King Solomon had so many great achievements, most importantly, the construction of the Temple. He was known for his sayings and proverbs, his riches and influence. But despite all of that, his heart strayed from the LORD. Lust was in the family line, and he seems to have inherited a generational curse. Because Solomon continued in disobedience, the Lord assured him the kingdom would be torn away under the reign of his son and that is exactly what happened.

What would you ask Yeshua?

We are all given the opportunity to ask God anything because He has made a way for us through Messiah Yeshua (Jesus). He might not come to us in a dream, but He is willing to listen to us because of His amazing grace.

He may not give us exactly what we want, but we definitely have the opportunity to share our heart with Him and He knows our deepest desires. Next time you are in prayer, ask of Him, and I know He will answer you in love. Learn from Solomon’s mistakes: keep a repentant heart, and go after the things of God, not the ways of the world.

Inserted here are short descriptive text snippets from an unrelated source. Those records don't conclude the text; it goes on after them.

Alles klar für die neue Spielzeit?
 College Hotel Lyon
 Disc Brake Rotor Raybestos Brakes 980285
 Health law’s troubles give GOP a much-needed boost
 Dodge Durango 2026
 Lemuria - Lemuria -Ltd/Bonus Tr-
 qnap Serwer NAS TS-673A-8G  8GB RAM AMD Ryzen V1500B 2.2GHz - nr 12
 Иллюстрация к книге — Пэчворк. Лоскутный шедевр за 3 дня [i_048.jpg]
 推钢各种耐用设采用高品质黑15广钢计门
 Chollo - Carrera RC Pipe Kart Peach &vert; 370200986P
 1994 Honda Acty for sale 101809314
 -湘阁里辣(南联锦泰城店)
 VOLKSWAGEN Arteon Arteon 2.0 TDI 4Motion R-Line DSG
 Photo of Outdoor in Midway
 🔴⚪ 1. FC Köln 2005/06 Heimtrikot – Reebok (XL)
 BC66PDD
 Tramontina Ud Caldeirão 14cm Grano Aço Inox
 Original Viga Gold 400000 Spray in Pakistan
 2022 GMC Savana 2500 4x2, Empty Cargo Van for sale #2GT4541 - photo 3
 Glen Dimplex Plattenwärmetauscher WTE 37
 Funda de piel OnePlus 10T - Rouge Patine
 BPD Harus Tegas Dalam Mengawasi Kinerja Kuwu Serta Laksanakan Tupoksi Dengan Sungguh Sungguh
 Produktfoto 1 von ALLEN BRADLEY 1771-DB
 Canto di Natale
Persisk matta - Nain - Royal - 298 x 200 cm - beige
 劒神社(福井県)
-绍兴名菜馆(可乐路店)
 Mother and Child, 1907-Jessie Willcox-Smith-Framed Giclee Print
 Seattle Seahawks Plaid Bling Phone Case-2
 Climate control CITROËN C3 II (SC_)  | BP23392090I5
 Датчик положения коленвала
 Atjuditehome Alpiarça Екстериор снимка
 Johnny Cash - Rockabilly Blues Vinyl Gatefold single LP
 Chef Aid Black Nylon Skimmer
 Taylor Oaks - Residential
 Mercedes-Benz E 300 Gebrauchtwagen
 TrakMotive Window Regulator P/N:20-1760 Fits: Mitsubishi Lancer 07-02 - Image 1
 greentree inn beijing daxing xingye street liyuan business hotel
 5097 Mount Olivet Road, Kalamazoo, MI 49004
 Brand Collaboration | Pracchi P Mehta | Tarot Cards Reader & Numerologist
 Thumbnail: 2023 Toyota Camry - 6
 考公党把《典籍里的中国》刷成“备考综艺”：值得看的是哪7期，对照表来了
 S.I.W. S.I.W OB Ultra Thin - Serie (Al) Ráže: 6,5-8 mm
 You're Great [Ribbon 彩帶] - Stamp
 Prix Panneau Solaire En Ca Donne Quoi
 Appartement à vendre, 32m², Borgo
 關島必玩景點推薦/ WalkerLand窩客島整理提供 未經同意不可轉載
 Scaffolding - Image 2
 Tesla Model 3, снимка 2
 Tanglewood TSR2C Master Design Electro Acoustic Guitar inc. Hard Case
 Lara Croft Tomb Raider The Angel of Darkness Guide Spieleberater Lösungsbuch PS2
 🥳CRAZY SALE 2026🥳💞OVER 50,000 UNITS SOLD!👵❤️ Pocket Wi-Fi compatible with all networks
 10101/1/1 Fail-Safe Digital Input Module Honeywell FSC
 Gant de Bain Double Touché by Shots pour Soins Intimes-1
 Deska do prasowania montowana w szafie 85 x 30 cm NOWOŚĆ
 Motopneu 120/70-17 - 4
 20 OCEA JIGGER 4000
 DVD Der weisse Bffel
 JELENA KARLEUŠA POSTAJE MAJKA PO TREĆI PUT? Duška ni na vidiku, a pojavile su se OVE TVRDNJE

The Father sent His Son to die for you. He loves you. Surely it is not too much for you to ask for something that is weighing on your heart, if you ask in humility, it shall be done for you.

Are you able to have a conversation with the LORD?

Are you in relationship with Him?

If you are sincerely sorry for your sins and your mistakes and your character flaws that sometimes get the best of you . . . and you have decided that you will trust in Him to help you change and turn away from continuing in sin, and if you have accepted the Truth that Yeshua (Jesus) is the King of Israel and would like Him to be the King of your heart, then you absolutely can be in communion and conversation with Him. Nothing can separate you from His love – and Messiah Yeshua bridged the gap between sin and darkness to enable you to be able to trust Him today with your life and your salvation. Believe in Him, obey His Word, and do not be afraid to go to Him in prayer. He hears you when you pray!